Statistical Analysis

Analyses were performed using SPSS 19.0 and Graphpad Prism 5. P-value<0.05 was required for significance. A variable-selection method evaluated which reperfusion measurement (MTTp, TTP, or Tmax) and which threshold best predicted neurological improvement while adjusting for three baseline clinical variables. Neurological improvement was defined as admission NIHSS–1 month NIHSS (ΔNIHSS), such that a positive ΔNIHSS indicates improvement.
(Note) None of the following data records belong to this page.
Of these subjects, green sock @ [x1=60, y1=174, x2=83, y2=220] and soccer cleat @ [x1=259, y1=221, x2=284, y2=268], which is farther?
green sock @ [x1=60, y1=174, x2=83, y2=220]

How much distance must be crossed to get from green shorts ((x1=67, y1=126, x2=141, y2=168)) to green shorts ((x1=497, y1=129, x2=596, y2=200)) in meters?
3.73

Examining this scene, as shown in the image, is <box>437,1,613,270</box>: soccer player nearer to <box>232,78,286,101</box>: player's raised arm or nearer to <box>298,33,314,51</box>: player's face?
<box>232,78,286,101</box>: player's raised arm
Specifically, 12 linear regression models (3 parameters, 4 thresholds) were used to fit %Reperf as a predictor of neurological improvement while adjusting for age, admission NIHSS, and tPA treatment status. The latter clinical variables were chosen based on an exploratory univariate analysis requiring a p-value < 0.2 for entry into the model. Age and baseline NIHSS met this criteria, while the other patient characteristics listed in Table 1 did not. In addition to age and baseline NIHSS, tPA treatment status was added to each model due to its known effect on clinical outcome after stroke. [18, 19] The latter three variables were entered into all 12 regression models. Regression diagnostics evaluated distributional assumptions of the residuals and functional form of the covariates.

Table 1.

Baseline Characteristics

N=50
Female 18 (35%)
Age, years* 65 [57,74]
Admission NIHSS* 16 [8,20]
African-American 19 (37%)
tPA treatment 38 (74%)
Admission Mean Arterial Pressure, mmHg* 113 [104,129]
Admission Glucose, mg/dl* 124 [106,148]
Time to tp1, hour* 2.7 [2.1,3.5]
Time to tp2, hour* 6.2 [6.1,6.5]
Medical History
    Hypertension 38 (74%)
    Diabetes 17 (33%)
    Congestive Heart Failure 6 (12%)
    Tobacco Use 12 (24%)
    Coronary Artery Disease 14 (28%)
    Stroke or TIA 8 (16%)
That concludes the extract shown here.